Opportunities to Watch:
- FTAs in play (US–Kenya, US–UK, India–EU) may create new sourcing and sales corridors.
- Green finance zones (Singapore, UAE, EU) offer sustainability-linked incentives for treasury and supply chain investments.
- U.S. re-shoring support (IRA, CHIPS Act) opens the door for capital investment strategy resets.
Mid-Market Enterprises
Key Risks:
- Exposure to tariff passthroughs from suppliers and vendors may hit product margins fast.
- Smaller treasury teams may struggle with regulatory changes across multiple customs regimes.
- FX and interest rate risks are often unhedged or under-managed.
Treasury Implications:
- International subsidiaries may lack central visibility or controls, leading to idle or trapped cash.
- Interest expense on working capital financing could rise if rates remain volatile across jurisdictions.
- Bank fees and inefficiencies rise with poorly structured cross-border payment flows.
Mitigation Strategies:
- Consolidate banking relationships in key regions to enable cross-border liquidity and streamline trade finance.
- Explore automated FX and cash flow platforms that scale with growth without large overhead.
- Consider near-shoring critical inputs (e.g., Mexico, Eastern Europe) to reduce tariff burden and improve logistics.
Opportunities to Watch:
- USMCA and Indo-Pacific supply chains (Vietnam, Philippines, Malaysia) are expanding fast.
- Local treasury centres or outsourcing models (via Singapore, Dubai) can help mid-market firms “punch above their weight.”
- Structured trade and invoice finance can unlock working capital in turbulent cycles.
Startups & Small-Caps
Key Risks:
- Rising costs from newly imposed tariffs (e.g., $200 per package from China by June) can crush unit economics.
- Lack of FX tools or trade expertise can expose startups to unmanaged risks.
- Cross-border expansion plans may stall due to customs or banking complexity.
Treasury Implications:
- Cash burn models are exposed to interest rate changes (especially for venture-backed firms).
- Limited access to multi-currency accounts and hedging tools leads to inefficiencies.

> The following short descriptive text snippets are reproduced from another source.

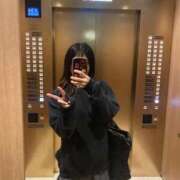 かんな 大好きな場所で✨ 大阪回春性感マッサージ倶楽部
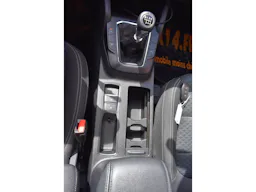 Ford Kuga FORD 1.5 ECOBOOST 150 BV6 COOL & CONNECT occasion - Photo 14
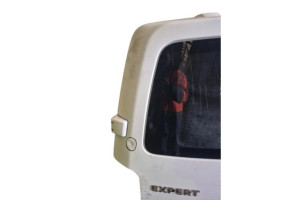 Porte de coffre gauche PEUGEOT EXPERT 3 Photo n°3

- Investor reporting may lack transparency around international risk.
Mitigation Strategies:
- Partner with global-first fintech platforms (e.g., Airwallex, Wise, Brex) for FX, multi-currency accounts, and global payroll.
- Consider structuring regional entities in trade-friendly hubs to support international sales or procurement.
- Use indirect exporting and 3PLs to keep logistics nimble and compliant.
Opportunities to Watch:
- FTA-friendly markets like Chile, Singapore, and the UAE offer access to new customers and easier cross-border infrastructure.
- Export credit programs (EXIM, SBA) can help early-stage firms fund international sales.
- Global remote teams help tap talent and open new markets simultaneously.
The Takeaway: Trade risk is real – but it’s also a strategic signal. Companies that integrate trade and treasury strategy are better positioned to respond quickly, preserve margin, and unlock new growth.
Disruption isn’t just a cost. It’s a compass – and right now, it’s pointing toward resilience and reinvention.